Cristiana dell'Anna ve kadın ve güneyli olmanın damgası

Ayrımcılık - cinsiyet, ırk ve cinsellik - erken gelişmiştir ve insanları erken yaşlardan itibaren etkiler. Gomorrah'da "Donna Patrizia" rolünü oynayan aktris Cristiana Dell'Anna da bunu fark etti ve dün tamamen kapsayıcılık ve çeşitlilik temalarına ayrılmış bir etkinlik olan "We are Pride" sırasında konuştu. Maura Gancitano ve Andrea Colamedici'nin - iki yaratıcının - niyetlerinde, "duyulmayanlara ses vermeyi, her şeyden önce bizi ilgilendirmeyen şeyler için savaşmayı, ezilenlerin mücadelelerini halk adına birleştirmeyi" öneren bir girişim. merak etmek". Amacın yerine getirildiğini doğrulamak için, Dell'Anna tarafından "sahnelenen" kadının, bir kadın ve bir güneyli olarak ayrımcılığa uğradığını hissettiği özel hayatından bazı klipleri anlattığı monologa dikkat edin.

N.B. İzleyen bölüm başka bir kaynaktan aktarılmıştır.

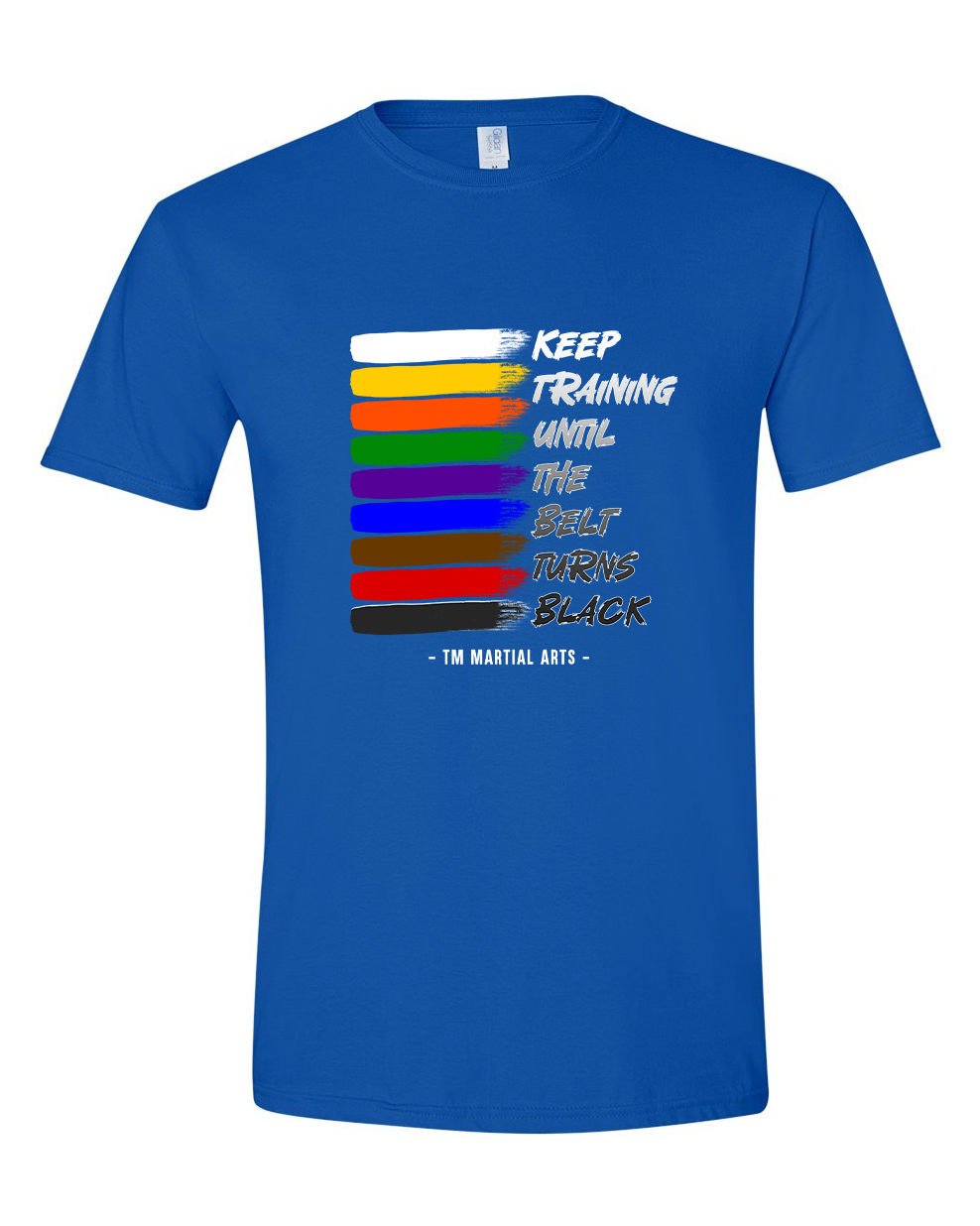 TM Colorful Belt Turns Black Cotton Short Sleeve Shirt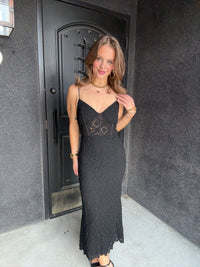 ASTR Floral Lace Knit Dress - Black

"Beni neden kadın yaptın?"

Her şey hediyeler gibi basit ve sıradan bir meseleyle başladı. Cristiana henüz bir çocukken, aldığı hediyelerle erkek kardeşine verilenler arasındaki derin farkı çok geçmeden anlar. Onun için coğrafi haritalar, teleskoplar ve diğer akıllı ve yenilikçi oyuncaklar. Onun için sadece ve sadece peluş. Sadece bir kadın olarak kategorize edilmenin ve bunun sonucunda ortaya çıkan sınırlamaların acısını çekmenin yarattığı hayal kırıklığı öyle ki 7/8 yaşında anne ve babasına bir soru soruyor: "Beni neden kadın yaptın?" "Kadın"ın basit bir yaşam olmadığını, sürekli bir yoksunluktan ve önyargılara ve stereotiplere karşı sürekli bir mücadeleden ibaret olduğunun bilincinin ardında yatan bir soru. Babasının kalp cerrahisinde uzmanlaşma hayaliyle besledikleriyle aynı, onu "birkaç kadının olduğu bir dal" olarak gören adam tarafından tutulan bir hırs.

Ayrıca bakınız

8 Mart Kadınlar Günü neden tarihçesi ve kökenleri

Test: Kişiliğinize göre hangi hayvansınız?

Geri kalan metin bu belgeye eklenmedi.